In turn, CSAPR was proposed on July 6, 2010 and was the subject of three public hearings and three notices of data availability. The rule was finalized one year later on July 6, 2011 based on public comment solicited on data and models. Significant changes were made between the proposed and final rules, most notably, Texas was included in the final rule.
The first phase of CSAPR compliance was to begin January 1, 2012, for SO2 and annual NOX reductions and May 1, 2012, for ozone season NOX reductions. The second phase of CSAPR begins January 1, 2014 and increases the stringency of SO2 reductions in several states.
EPA has not yet determined how changes to the ozone NAAQS or particulate matter NAAQS in 2011 or beyond will impact compliance with CSAPR.
A Congressional effort to repeal CSAPR failed on a bipartisan vote in November 2011.

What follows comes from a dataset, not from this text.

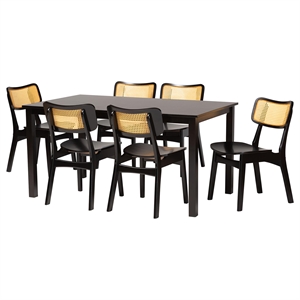Pemberly Row Dark Brown Finished Wood and Rattan 7-Piece Dining Set
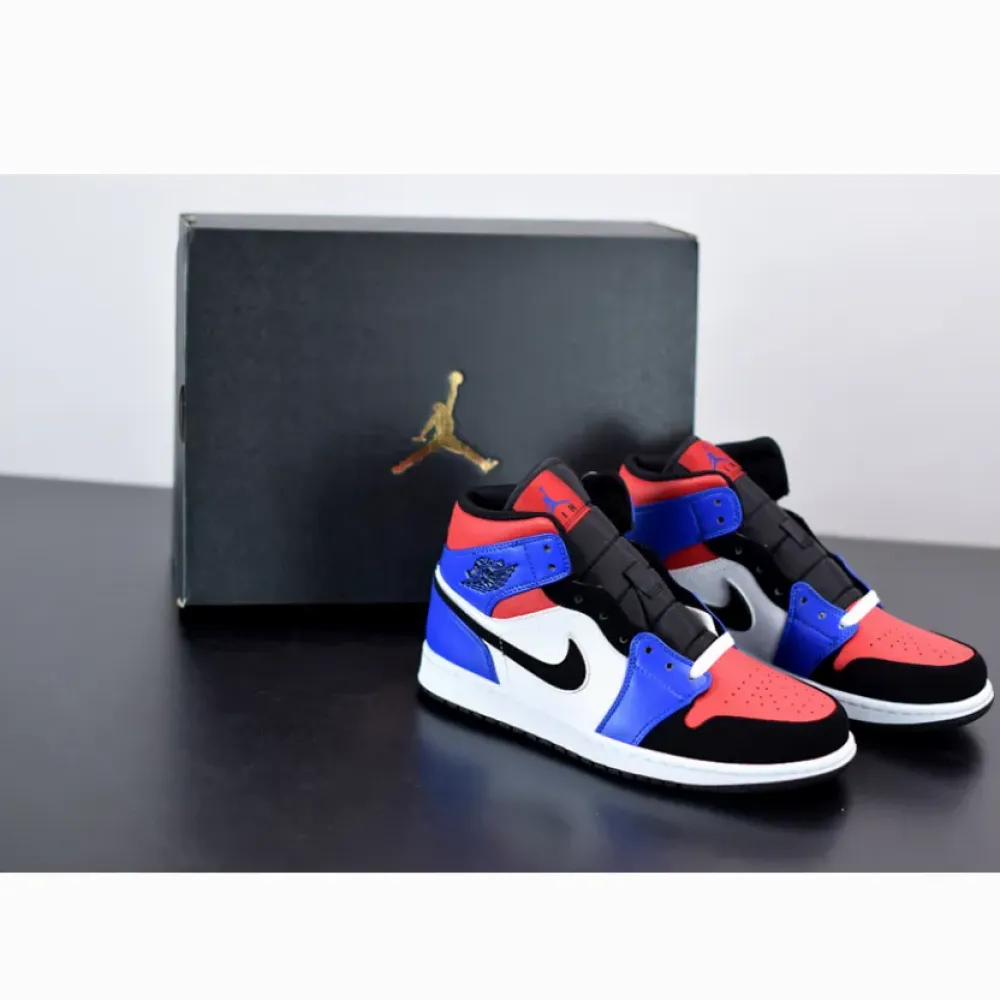 Air Jordan 1 Mid “Top 3” Blue Red Black White 554724-124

On December 30, 2011, the DC Circuit Court ordered a stay of CASPR and ordered that CAIR be implemented until judicial review of CASPR was complete. On August 21, 2012, the same court ultimately vacated CSAPR and ordered that CAIR be continued to be implemented until the rule is rewritten. The Administration requested a rehearing of this ruling on October 5, 2012, but the U.S. Court of Appeals for DC denied the request. The administration petition the Supreme Court to review the Court’s ruling. On June 24, 2013, the Supreme Court announced they’ll review the lower court’s ruling.